With her debut album Sultry Venom, Iceland’s Eva808 cut her very own swath through grime and dubstep in 2021. There, every track was still unmistakably influenced by the club hemisphere and bass tradition of the British Isle, and the dancefloor moment in every track in the leading role. On the just released second album, however, a much broader field is cultivated: While the beats remain just as heavy, the tracks are a lot more raw, experimental, conceptual. How this sounds in the club remains unanswered for now – the album is hot off the press and live sets by Eva808 remain a rare commodity.
“Everything below 140 bpm is ambient,” he says, describing not only the frenzy of his DJ sets, but the punch of all his current touch points with music. And there are many: Opium Hum is curator of the CTM Festival in Berlin, creator of his own music multiverse called Hyper Real, and perhaps the best known, but certainly the most likeable face of Boiler Room. Opium’s DJ sets mean rave, mean acid, mean 1 million bass drums.
Junge Eko is Catia Lanfranchi. Her solo project fuses stretched melodies with noise moments and a deeply moving, warm vocal presence. Last October, Lanfranchi released her first and deeply personal album as Junge Eko on BlauBlau Records. On it, eight mostly instrumental compositions unfold on organ or synthesizer, deepened in a few places with Lanfranchi’s quiet vocals, unobtrusively reminiscent of pop. Those who have been able to experience the musician live in recent months also know that we will probably be blessed with new music in the near future; probably with more voice-based and concrete song structures, yet still beautifully fragmentary and decelerated. Lanfranchi is also the composer and singer of the outstanding band Kush K, which manages like no other in this country to find a place between radio presence and underground credibility that does not require any bending or compromise.
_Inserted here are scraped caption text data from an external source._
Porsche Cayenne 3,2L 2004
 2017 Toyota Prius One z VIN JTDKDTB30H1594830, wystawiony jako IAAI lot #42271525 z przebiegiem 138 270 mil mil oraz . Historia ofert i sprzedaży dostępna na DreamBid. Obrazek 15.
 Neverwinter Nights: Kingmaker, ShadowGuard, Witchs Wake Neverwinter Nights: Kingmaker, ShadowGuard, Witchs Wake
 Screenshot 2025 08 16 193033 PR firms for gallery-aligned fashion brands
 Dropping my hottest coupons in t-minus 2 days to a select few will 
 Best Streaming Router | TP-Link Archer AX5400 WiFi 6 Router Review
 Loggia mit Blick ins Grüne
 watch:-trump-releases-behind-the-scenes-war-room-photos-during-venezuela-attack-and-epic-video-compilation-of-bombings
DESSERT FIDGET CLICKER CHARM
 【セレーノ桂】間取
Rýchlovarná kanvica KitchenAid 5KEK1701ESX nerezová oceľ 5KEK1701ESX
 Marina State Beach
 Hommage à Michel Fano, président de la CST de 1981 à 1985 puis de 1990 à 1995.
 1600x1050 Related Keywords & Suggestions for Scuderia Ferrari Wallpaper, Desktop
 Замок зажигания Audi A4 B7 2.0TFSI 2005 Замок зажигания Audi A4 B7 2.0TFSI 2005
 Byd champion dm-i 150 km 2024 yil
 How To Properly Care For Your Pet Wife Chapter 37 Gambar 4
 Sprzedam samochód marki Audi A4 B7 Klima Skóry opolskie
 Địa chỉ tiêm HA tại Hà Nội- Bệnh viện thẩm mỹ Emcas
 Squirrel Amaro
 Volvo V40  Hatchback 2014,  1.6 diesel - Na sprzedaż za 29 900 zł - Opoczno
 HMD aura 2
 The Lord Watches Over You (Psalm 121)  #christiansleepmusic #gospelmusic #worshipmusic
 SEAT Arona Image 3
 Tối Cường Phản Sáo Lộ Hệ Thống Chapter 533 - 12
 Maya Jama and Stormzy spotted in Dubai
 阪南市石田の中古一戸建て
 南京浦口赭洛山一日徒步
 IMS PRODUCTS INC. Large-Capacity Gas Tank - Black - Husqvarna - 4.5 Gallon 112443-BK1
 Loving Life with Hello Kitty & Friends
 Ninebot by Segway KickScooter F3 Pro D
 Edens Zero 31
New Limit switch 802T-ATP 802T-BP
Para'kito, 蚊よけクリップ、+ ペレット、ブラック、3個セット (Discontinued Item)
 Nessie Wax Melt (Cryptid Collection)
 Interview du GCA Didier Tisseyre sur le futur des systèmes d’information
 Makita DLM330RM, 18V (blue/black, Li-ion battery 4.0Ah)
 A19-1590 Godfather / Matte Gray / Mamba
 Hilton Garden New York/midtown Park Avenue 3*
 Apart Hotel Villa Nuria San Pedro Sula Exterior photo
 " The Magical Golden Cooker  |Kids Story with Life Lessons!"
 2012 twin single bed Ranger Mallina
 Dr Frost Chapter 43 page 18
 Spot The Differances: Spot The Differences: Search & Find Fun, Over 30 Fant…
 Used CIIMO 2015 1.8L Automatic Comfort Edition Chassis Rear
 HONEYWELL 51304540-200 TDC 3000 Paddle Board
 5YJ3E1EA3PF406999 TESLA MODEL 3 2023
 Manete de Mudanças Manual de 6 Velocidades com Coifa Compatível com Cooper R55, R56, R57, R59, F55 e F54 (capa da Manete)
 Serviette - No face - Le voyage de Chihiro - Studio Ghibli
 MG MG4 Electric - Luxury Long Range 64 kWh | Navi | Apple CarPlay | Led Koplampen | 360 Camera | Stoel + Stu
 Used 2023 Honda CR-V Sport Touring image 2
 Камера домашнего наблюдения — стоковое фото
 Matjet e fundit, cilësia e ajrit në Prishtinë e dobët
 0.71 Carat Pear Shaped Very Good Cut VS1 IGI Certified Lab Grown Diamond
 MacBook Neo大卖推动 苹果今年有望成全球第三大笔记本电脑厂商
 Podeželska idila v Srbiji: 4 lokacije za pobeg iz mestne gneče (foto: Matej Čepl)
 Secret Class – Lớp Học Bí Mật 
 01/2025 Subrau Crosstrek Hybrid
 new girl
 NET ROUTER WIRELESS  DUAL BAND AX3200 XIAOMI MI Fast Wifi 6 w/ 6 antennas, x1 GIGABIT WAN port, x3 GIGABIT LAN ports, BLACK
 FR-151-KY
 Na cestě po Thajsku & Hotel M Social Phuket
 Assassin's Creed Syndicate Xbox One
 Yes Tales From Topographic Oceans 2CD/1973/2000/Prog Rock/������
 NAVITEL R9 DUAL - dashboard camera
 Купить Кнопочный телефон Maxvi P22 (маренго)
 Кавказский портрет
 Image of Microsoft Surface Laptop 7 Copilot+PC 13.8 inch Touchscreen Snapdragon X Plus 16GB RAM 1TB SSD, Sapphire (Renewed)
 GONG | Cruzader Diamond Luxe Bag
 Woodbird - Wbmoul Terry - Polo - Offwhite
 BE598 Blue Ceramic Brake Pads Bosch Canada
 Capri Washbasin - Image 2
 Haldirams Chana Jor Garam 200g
Kush K’s debut album Lotophagi was named album of the year in 2020 by the industry association IndieSuisse.
The Zurich duo has been on the road for quite a while. Nevertheless, it is not wrong to speak of a proper breath of fresh air in the Swiss club scene when describing Atrice. Daredevil would also be an apt word, because the duo manages in its productions what otherwise rarely succeeds: Packing sophisticated, complex sound design into uncompromisingly danceable vibes. The results are unbeatably original, deconstructed tracks that take place on major labels such as Ilian Tape. Originating from the Zurich-based collective Miras and still committed to it, Atrice now plays all over the continent.
The reference to Basel’s area code in the name is not local patriotism, yet it’s fair to say: the Rhine city’s DJ scene is thriving and moodybabe061 aka Mira Laune is an integral part of it, namely as a quarter of the bustling Swim collective. At Aether she opens the day’s program and her personal forecast for it is «sad-weird afternoon music». Whatever that might be, we’re thinking post-internet hyper-grimebient.